Look through the records, and wherever the string "Avenue" turns up, copy out that line.

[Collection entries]
◇ ◇ ◇
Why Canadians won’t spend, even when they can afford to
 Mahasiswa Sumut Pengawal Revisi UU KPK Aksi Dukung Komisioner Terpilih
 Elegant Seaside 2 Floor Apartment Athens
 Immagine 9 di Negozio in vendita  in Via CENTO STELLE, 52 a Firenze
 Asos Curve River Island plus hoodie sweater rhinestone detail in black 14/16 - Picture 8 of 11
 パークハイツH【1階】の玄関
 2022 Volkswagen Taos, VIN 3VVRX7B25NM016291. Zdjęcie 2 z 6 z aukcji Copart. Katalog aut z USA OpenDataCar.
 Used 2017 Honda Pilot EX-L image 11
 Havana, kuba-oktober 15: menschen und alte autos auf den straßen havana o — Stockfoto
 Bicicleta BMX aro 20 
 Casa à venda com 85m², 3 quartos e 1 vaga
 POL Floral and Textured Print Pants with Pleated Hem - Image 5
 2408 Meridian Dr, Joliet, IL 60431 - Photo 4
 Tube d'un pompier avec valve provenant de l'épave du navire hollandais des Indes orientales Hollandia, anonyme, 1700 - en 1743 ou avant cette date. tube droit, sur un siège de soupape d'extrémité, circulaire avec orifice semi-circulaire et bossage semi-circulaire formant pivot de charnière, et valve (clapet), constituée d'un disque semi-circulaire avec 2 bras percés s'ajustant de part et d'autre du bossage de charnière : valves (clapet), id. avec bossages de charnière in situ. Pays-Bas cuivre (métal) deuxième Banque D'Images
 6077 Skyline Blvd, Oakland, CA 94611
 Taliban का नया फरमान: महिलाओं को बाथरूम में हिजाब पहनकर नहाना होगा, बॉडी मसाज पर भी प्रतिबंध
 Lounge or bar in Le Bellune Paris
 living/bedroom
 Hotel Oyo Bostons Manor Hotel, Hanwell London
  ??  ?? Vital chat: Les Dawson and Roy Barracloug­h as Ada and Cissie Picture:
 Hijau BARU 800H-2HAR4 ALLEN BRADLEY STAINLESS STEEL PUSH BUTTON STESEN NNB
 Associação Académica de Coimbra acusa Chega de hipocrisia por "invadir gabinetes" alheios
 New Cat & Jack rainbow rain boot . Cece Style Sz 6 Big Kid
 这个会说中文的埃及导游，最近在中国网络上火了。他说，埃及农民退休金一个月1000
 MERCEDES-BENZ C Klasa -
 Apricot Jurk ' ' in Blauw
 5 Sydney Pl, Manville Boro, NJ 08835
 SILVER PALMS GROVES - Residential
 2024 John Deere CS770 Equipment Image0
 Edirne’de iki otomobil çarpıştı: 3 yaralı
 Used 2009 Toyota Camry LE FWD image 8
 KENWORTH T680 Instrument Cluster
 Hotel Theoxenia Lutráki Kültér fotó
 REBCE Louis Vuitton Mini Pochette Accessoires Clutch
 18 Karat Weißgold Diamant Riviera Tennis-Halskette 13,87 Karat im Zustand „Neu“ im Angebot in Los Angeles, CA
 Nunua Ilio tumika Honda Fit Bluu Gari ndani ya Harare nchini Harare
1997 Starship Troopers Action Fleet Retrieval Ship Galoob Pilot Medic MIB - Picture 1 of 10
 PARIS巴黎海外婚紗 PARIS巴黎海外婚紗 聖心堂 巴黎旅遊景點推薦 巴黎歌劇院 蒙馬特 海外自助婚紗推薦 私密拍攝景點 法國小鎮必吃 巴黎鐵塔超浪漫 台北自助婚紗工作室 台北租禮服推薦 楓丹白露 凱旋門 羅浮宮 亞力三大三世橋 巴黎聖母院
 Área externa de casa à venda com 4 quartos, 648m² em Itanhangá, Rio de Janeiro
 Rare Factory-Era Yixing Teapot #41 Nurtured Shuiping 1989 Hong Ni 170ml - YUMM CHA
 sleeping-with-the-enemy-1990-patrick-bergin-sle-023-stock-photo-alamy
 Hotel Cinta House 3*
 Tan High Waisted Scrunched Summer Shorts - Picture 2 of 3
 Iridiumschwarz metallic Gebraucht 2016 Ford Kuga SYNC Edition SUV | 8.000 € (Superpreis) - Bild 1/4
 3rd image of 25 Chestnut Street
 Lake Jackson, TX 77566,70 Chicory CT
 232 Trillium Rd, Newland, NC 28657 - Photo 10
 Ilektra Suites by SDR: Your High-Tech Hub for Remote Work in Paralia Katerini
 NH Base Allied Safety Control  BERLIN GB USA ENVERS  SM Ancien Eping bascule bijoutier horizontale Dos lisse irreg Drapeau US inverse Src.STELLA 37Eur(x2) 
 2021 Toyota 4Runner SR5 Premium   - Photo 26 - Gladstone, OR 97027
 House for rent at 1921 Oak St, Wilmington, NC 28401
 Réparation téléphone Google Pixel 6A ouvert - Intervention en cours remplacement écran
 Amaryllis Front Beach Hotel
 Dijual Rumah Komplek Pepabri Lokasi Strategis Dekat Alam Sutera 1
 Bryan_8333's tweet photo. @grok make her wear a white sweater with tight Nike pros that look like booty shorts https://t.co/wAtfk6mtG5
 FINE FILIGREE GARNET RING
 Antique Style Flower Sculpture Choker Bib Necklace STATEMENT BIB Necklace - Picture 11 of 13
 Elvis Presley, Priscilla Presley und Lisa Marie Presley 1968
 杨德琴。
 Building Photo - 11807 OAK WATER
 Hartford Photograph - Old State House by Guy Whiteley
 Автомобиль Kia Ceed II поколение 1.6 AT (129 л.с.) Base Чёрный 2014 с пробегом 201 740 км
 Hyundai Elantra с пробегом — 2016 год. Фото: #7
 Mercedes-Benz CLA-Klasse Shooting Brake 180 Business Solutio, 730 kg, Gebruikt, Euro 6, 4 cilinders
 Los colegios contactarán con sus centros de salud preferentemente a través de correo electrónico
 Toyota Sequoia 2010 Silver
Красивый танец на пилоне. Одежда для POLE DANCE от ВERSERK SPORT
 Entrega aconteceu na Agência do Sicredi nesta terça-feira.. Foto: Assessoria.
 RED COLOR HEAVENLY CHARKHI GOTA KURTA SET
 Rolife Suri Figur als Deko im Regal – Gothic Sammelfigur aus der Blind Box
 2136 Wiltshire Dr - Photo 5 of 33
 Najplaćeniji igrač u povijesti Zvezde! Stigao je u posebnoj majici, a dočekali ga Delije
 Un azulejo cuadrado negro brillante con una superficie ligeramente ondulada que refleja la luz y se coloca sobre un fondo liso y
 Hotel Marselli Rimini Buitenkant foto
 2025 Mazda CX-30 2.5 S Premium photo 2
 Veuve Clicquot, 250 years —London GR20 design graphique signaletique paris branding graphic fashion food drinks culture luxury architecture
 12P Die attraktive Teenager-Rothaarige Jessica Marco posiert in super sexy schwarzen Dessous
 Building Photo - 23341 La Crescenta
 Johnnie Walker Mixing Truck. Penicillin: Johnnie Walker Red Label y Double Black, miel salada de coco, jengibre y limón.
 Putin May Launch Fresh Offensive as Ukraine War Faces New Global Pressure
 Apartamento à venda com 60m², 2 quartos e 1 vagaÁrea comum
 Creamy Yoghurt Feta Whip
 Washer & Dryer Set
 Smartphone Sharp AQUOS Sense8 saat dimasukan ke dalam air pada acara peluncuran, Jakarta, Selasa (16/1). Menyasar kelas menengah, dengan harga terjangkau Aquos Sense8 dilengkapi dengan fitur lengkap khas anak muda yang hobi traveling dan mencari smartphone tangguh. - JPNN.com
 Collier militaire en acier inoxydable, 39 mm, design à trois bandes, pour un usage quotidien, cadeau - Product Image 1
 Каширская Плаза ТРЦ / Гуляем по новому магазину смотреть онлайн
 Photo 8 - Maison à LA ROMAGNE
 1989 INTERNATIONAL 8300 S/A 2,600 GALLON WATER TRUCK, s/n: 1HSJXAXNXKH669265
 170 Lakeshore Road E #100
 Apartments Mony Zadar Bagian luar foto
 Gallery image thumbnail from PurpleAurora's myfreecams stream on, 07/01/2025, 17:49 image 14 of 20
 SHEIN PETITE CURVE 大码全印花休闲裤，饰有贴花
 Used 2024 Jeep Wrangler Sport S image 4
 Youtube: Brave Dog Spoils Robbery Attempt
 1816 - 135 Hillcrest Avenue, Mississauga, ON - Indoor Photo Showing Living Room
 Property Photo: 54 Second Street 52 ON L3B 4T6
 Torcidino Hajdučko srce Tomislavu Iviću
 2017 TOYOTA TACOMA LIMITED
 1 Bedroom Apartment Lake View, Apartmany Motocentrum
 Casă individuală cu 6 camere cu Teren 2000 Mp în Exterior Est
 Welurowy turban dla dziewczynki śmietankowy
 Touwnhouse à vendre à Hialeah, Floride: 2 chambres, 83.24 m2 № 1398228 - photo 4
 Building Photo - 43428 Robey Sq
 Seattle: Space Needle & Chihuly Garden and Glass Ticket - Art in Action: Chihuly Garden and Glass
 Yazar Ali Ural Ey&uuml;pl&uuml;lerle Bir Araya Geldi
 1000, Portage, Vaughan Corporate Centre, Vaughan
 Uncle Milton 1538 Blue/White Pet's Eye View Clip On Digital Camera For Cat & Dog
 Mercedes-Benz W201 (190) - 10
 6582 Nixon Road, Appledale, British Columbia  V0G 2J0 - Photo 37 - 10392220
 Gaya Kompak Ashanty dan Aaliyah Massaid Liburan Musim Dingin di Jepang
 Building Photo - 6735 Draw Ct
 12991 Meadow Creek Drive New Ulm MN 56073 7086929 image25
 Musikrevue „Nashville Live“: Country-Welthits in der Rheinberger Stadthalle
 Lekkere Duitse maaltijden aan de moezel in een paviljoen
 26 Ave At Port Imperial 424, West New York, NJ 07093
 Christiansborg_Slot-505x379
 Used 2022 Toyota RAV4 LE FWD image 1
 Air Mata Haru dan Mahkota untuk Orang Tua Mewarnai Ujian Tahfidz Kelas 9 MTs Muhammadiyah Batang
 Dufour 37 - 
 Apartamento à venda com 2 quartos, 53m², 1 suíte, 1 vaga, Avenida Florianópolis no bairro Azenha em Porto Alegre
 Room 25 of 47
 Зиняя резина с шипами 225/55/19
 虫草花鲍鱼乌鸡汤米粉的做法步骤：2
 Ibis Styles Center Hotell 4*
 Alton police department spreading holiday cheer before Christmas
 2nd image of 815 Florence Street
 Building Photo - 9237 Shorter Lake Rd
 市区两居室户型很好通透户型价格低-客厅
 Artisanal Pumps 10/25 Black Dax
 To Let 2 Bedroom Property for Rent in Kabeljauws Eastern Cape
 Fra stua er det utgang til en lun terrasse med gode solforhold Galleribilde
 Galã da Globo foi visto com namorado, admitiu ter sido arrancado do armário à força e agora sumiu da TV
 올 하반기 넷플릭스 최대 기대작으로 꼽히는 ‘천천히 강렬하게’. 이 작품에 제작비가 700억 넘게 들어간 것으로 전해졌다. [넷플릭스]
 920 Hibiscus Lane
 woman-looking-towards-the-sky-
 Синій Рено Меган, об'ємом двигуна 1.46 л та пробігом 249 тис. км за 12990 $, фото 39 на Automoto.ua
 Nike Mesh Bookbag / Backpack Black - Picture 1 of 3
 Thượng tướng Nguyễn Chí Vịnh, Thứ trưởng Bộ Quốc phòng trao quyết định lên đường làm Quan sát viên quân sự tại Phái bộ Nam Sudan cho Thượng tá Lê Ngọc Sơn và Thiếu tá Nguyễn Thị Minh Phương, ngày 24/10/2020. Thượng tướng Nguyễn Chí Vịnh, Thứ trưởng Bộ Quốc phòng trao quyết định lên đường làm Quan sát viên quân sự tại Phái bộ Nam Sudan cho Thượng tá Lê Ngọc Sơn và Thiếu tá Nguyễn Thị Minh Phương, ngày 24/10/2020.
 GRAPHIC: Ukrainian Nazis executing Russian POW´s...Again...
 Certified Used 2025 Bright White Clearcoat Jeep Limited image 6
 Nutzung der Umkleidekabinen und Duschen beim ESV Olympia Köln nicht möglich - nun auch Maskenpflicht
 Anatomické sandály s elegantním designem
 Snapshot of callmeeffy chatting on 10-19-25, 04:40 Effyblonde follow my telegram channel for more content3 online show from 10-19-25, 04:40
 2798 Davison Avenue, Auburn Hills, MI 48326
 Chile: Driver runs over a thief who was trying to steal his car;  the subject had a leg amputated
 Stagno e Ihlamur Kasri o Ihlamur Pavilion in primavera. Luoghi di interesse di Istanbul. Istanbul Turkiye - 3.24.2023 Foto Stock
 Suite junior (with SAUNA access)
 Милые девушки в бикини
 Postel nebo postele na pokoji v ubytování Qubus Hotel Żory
◇ ◇ ◇
### REPLY
 1816 - 135 Hillcrest Avenue, Mississauga, ON - Indoor Photo Showing Living Room
 2798 Davison Avenue, Auburn Hills, MI 48326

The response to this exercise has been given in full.